Halil Yeni yazdı: "Ne güzel bir dünya bu, İyi ki geldim"

"Türkü söylemek benim için bir aşk halidir. En güzel aşklarımı türkü söylerken yaşadım. Ne onlar beni aldattı nede ben onları. Türkü söyledikçe yeşeriyor, çiçekleniyorum."

Halil Yeni yazdı:

Halil Yeni

Sıdıka Umut Bursa Hapishanesinde yatmakta olan Nazım Hikmet’i ziyaret ettiğinde Nazım, bu genç kadına Felsefe okumasını önerecek, Sıdıka bu öneri üzerine Ankara Dil Tarih Coğrafya Fakültesi’nin Felsefe bölümüne girecektir. Ruhi Su ise aynı üniversitede bir koro kuracak, ömrünün geri kalan kısmını birlikte geçireceği Sıdıka Umut ile bu koro çalışmalarında tanışacaktır.

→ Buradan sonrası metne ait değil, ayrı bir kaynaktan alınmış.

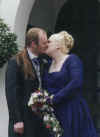 kiss.JPG (60491 bytes)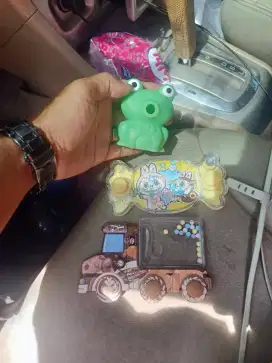 Di jual aja yg butuh dan minat wa dan hp mainan anak buruan
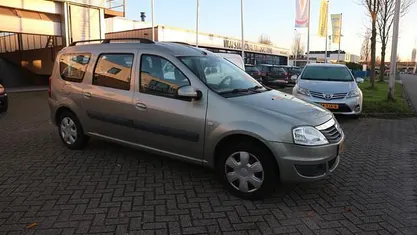 Gebruikt 2012 Dacia Logan MCV Lauréate MPV | € 3.500 (Eerlijke prijs)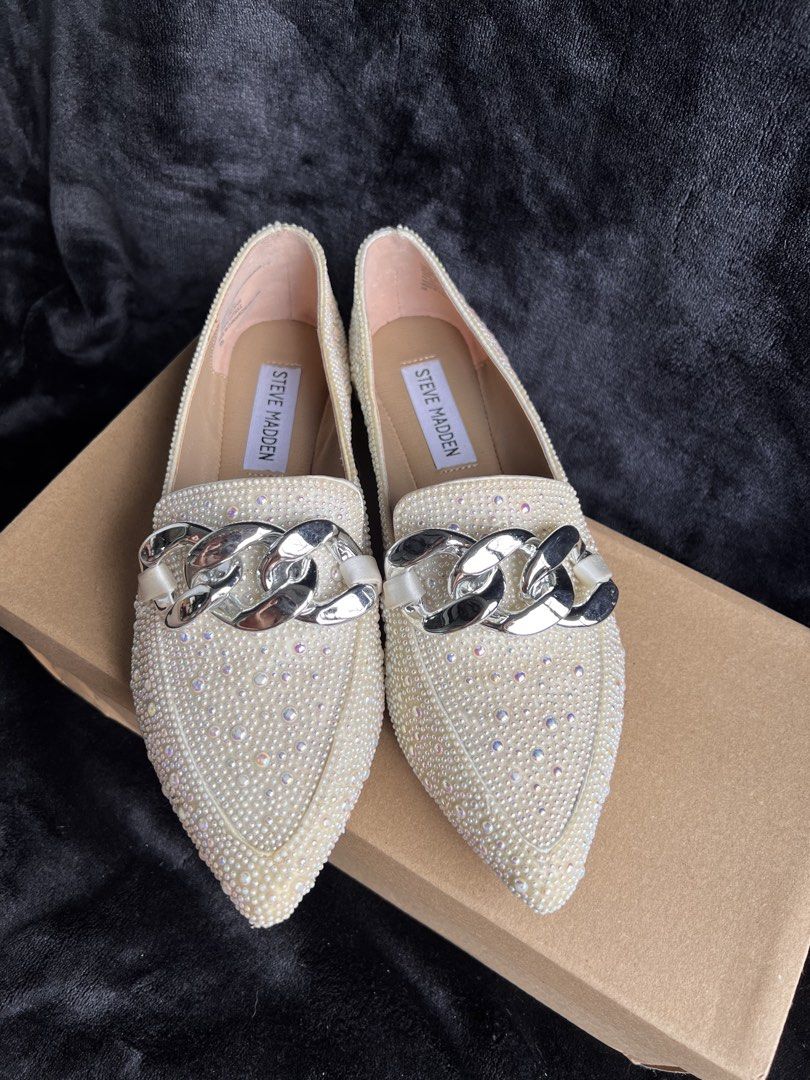 Steve madden famed pearl (Category: Loafers) located in Marikina City. Submitted by 1stuffshop (Listing ID 1425667825, Image 1). Description: Size 5.5 Rfs: small for me.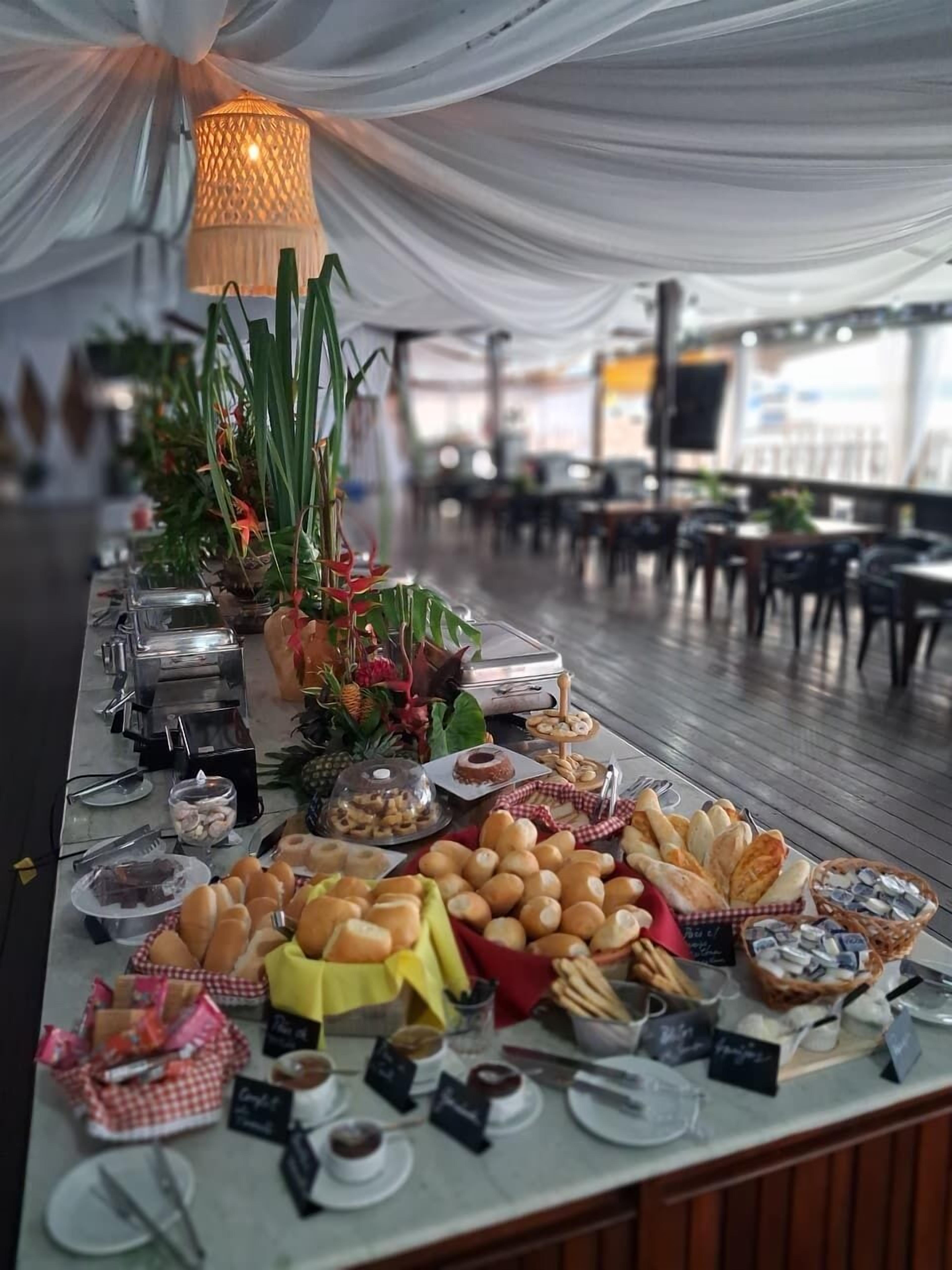 Esmorzar diari d'estil bufet gratuït 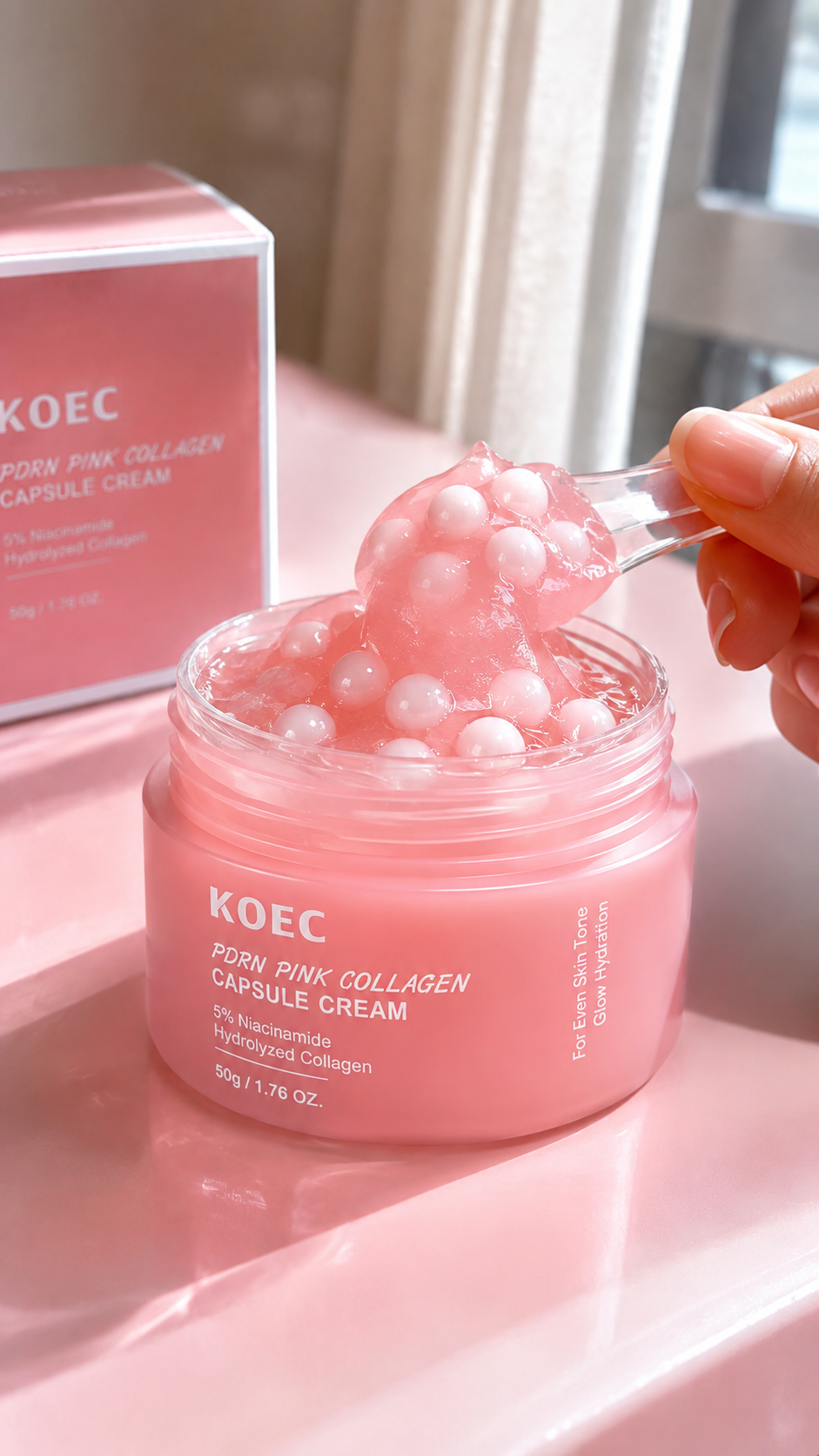 KOEC PDRN Pink Collagen Capsule Cream - bote con caja y cuchara con la textura jelly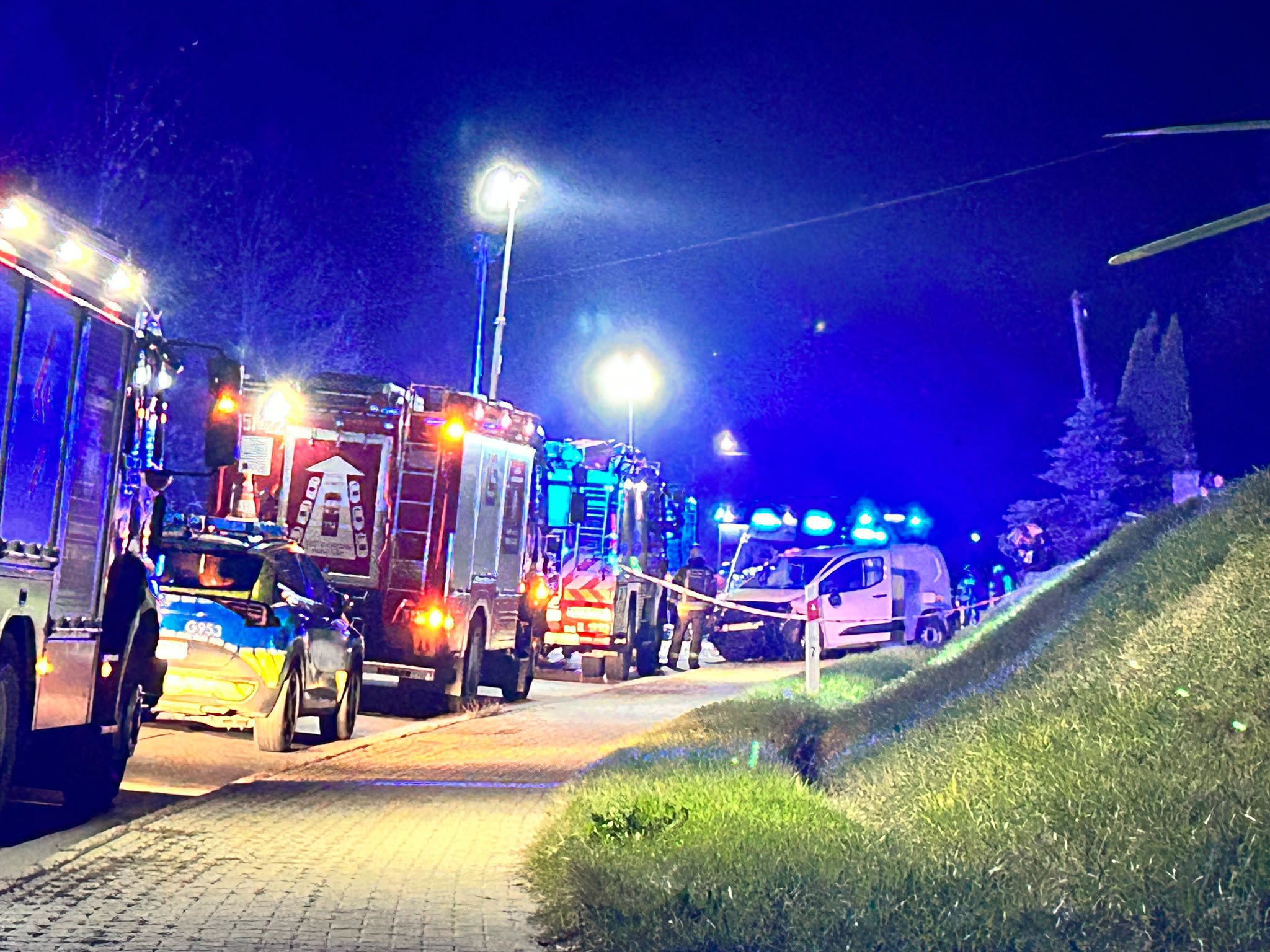Poważny wypadek w Rabie Niżnej. Czołowe zderzenie dwóch samochodów, na miejscu śmigłowiec LPR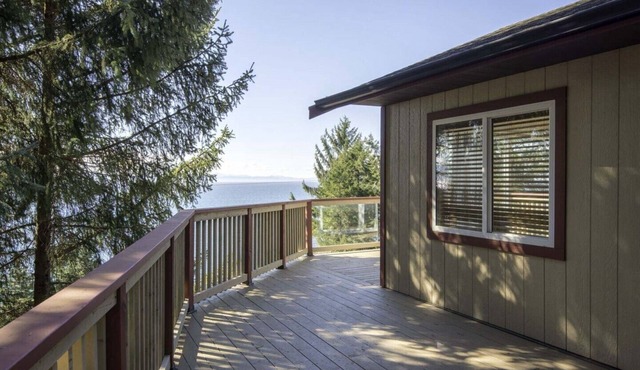 Stunning ocean and mountain views on a peaceful, family-friendly acerage.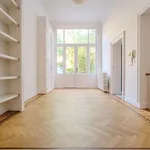 Rent 2 bedroom apartment in Ixelles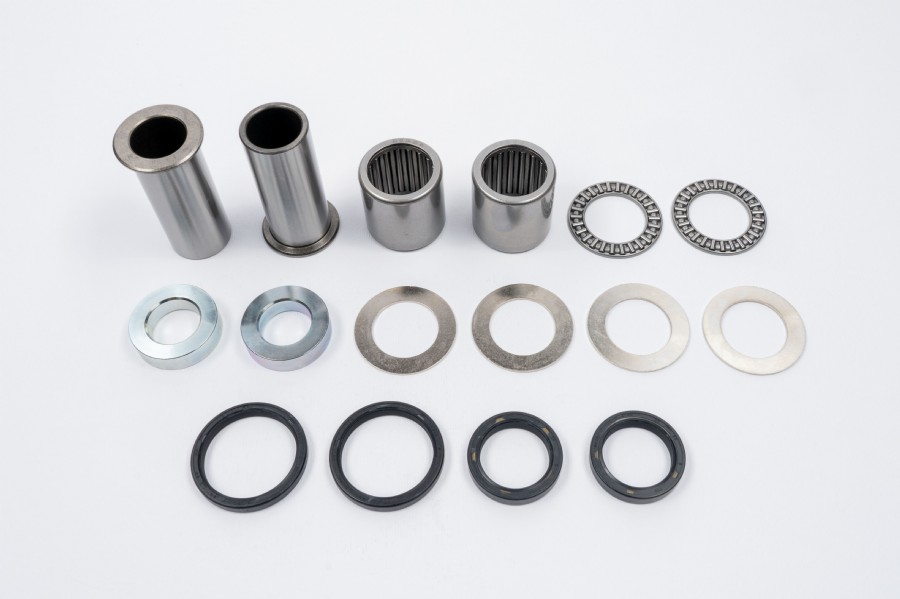 Kit gabbie a rulli forcellone BWX - KX 125/250 99-08
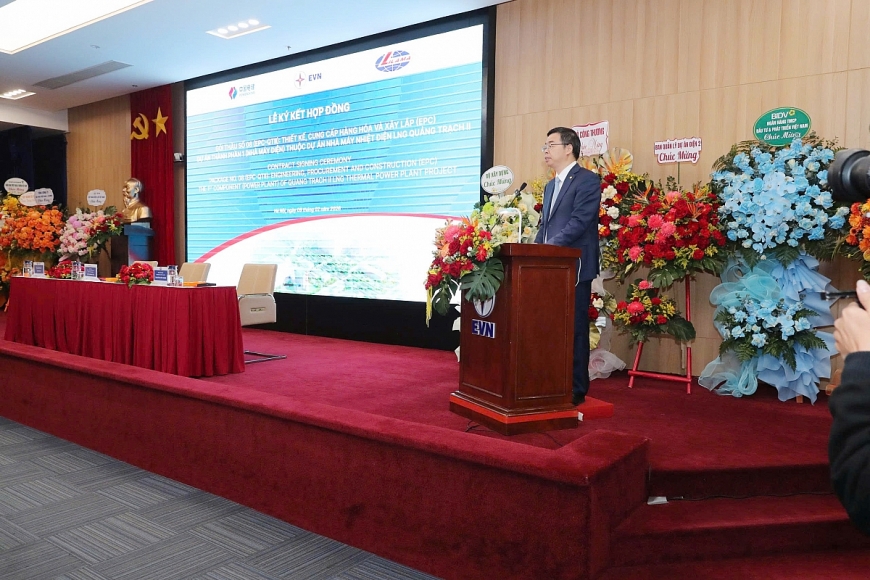 Đại diện nhà thầu phát biểu tại buổi lễ,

Yıl 1946’dır. Sıkıda Su Ruhi’yi yaptığı radyo programlarından, sesinden tanıyordur. Hatta annesi Ruhi Su’nun sesini ve söylediği türküleri çok seviyordur. Ruhi Su Ankara’da Sıdıka Umut ile tanışınca büyük bir aşkın ilk adımı da atılmış olur. Dünya görüşleri arasındaki yakınlığı fark ederler ilk, sonra türkülere duydukları ortak sevgiyi. Önce dost oldular sonrada sevgili.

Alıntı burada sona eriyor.